Well, ladies and gentlemen (are there any dudes that read this blog?? if so…please comment! I'd love to know…you know, just so I don't talk about gross girl things or something)…
I'm so nervous about tomorrow. I'm not nervous about the pain, but I am nervous about looking down and thinking "Oh, crap! What have I done?!". I'm not sure I'll get over that fear until I've just gone and done it. So…that's the plan right now. :)
The inspiration for this mission is just that getting a tattoo has always been something that has felt adventuresome to me. Something about the permanency of a tattoo, an indelible image, seems so resolute…so gutsy. So, that's why I'm doing it. I've been pregnant or otherwise sustaining a child for the better part of the last 4 years now, so…I figure I have a window of opportunity…I need to seize the day!
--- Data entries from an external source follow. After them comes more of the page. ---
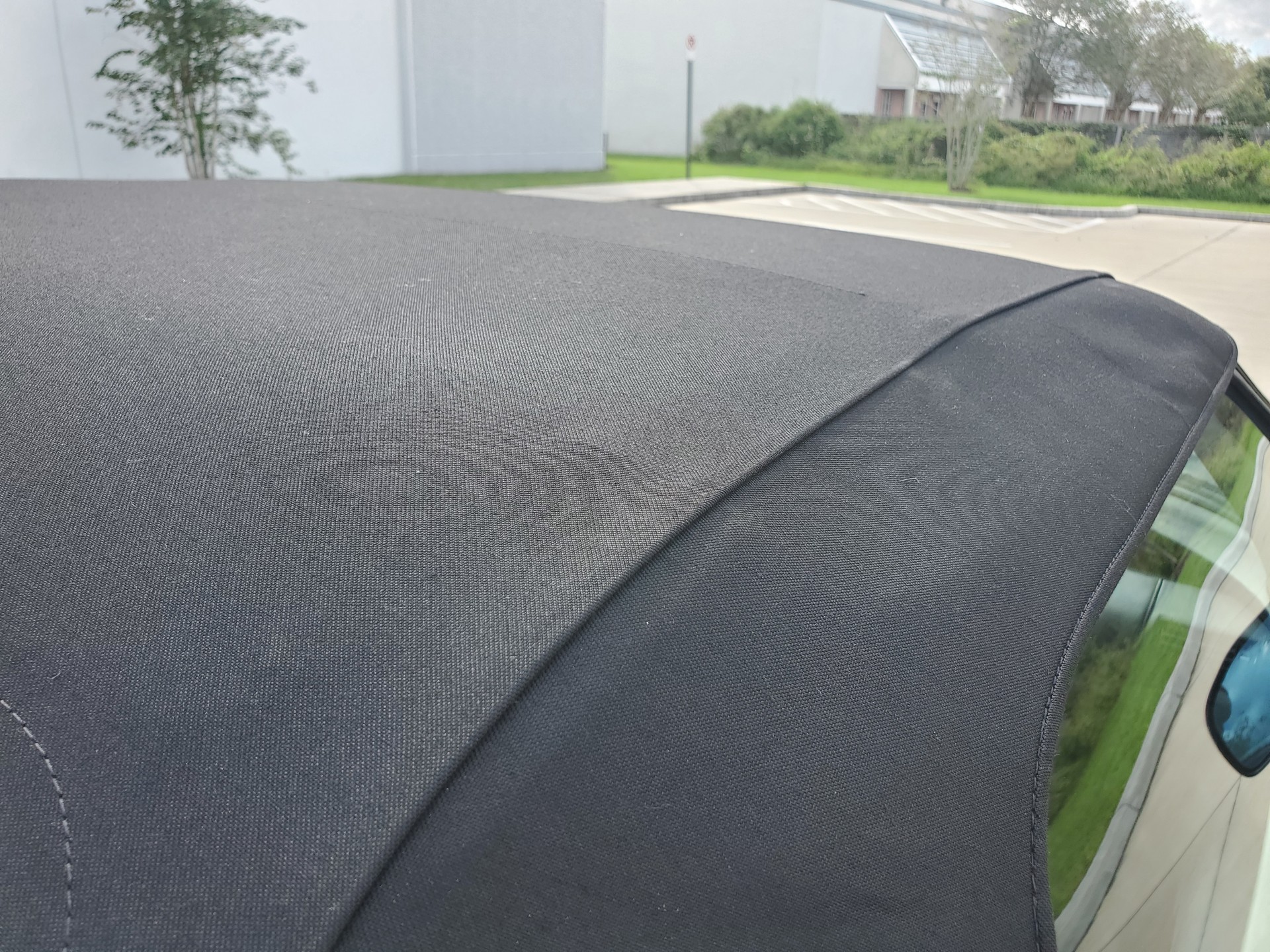 This 2,377 Mile BMW Z1 Looks Brand New And Is Up For Auction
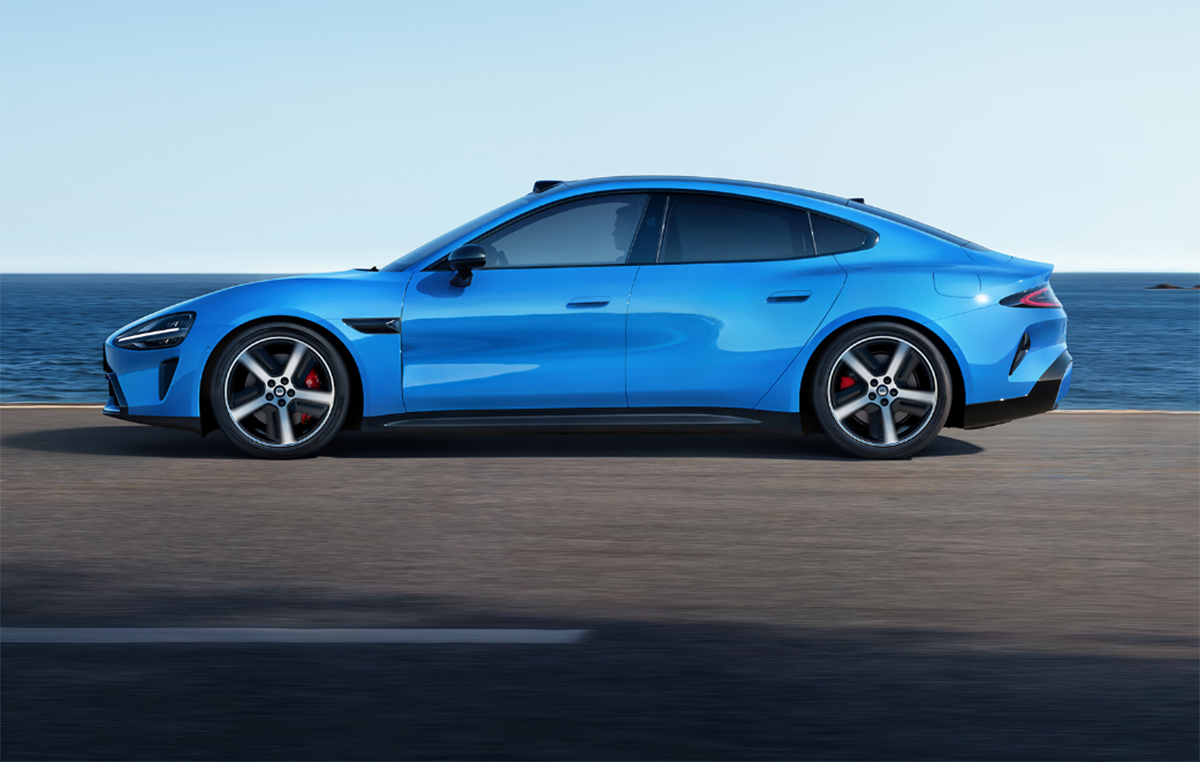 【驚愕】シャオミSU7が26万km走っても「バッテリー劣化5%」。テスラを凌駕する“怪物級”の耐久性が証明される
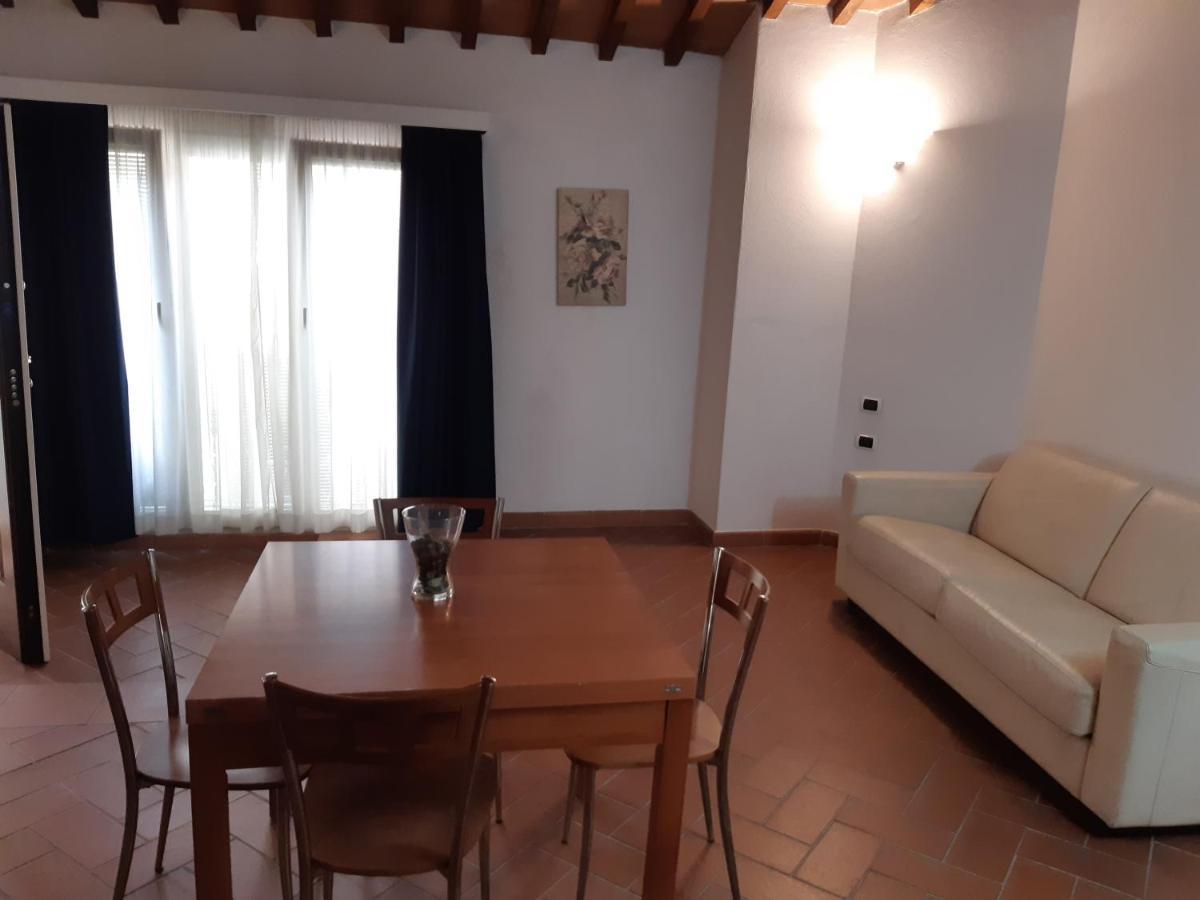 Palazzo Virginio 3* Florence
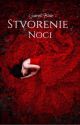 Stvorenie noci by GabriellBlake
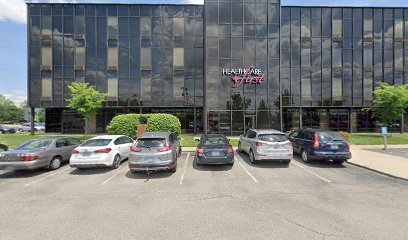 Mercy Health - Behavioral Health, Inpatient Services main image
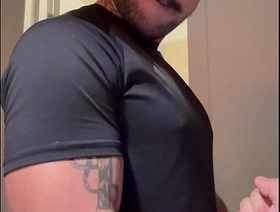 CHEGUEI DA ACADEMIA SUADO, VEM TOMAR BANHO COMIGO taiwan gay porn twitter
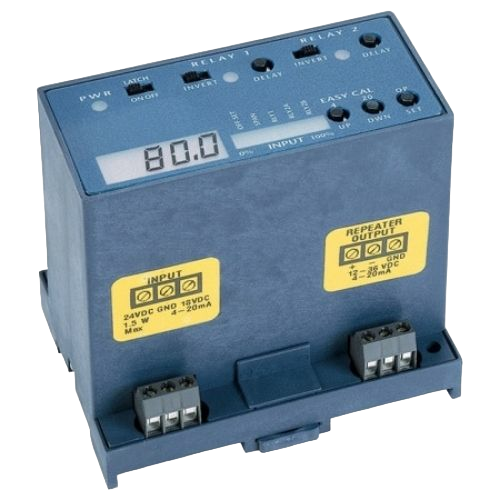 Level Controllers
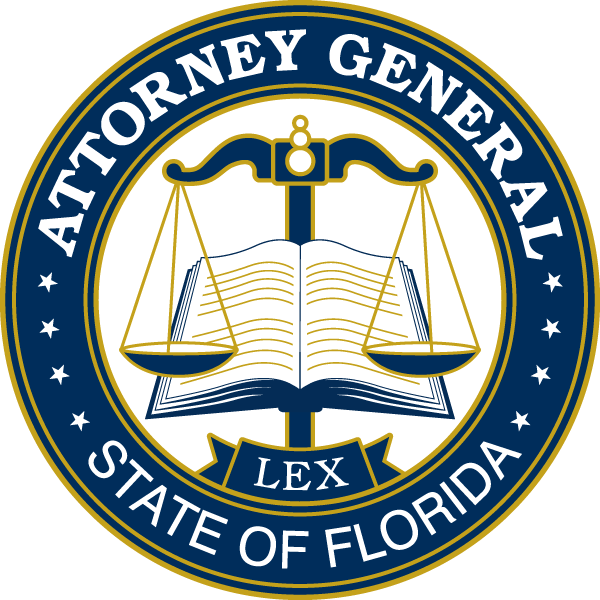 Attorney General State of Florida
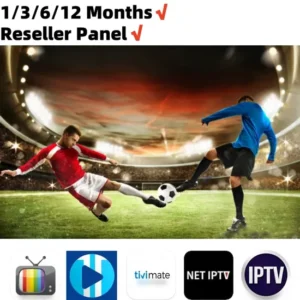 Free Test IPTV : Try IPTV Before You Buy – Free trial & Fast Activation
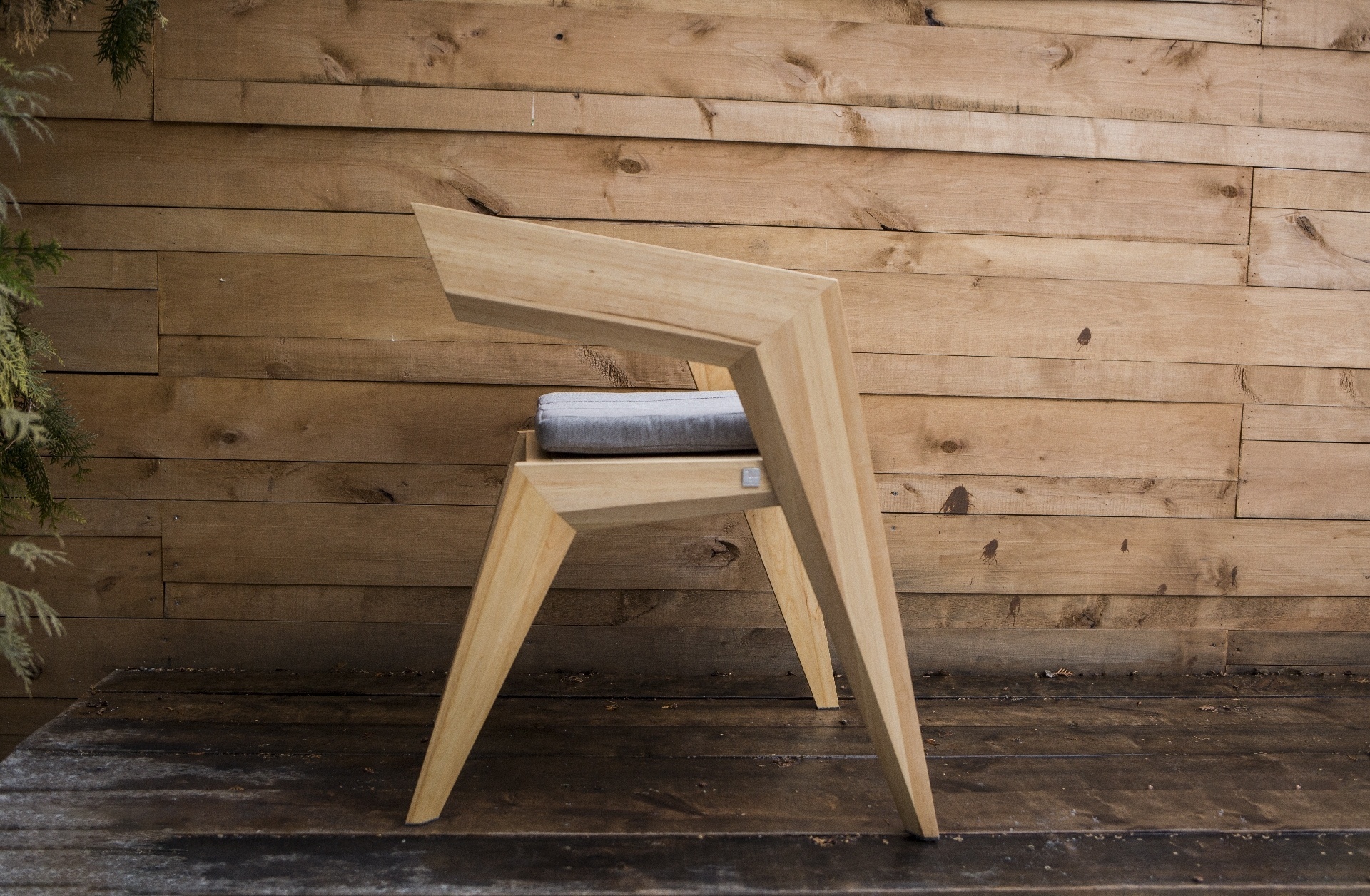 AIR S Chair #4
I'm not really interested in getting all involved in the "tattoo community", not that I have anything against it…I just see this as a one time thing for me. I don't plan on getting anything other than this little dainty tattoo filled with meaning for me–although, they do say they are addictive. ;) I'm just too straight laced to get a zillion tattoos, that's the honest truth of it.
My inspiration for this tattoo comes from a desire to live in freedom. And, feathers for some reason have been the lifelong imagery I've had of freedom. They take you places, they float effortlessly, they are not tied down, they are beautiful, they serve a purpose, they provide protection and safety. All of these things represent freedom to me. What the tattoo will ultimately look like…you'll have to wait and see. :) Oooooooh, the suspense!
I'm nervous as all get out, guys. This is the furthest out on the limb I've gone thus far…just fyi. :)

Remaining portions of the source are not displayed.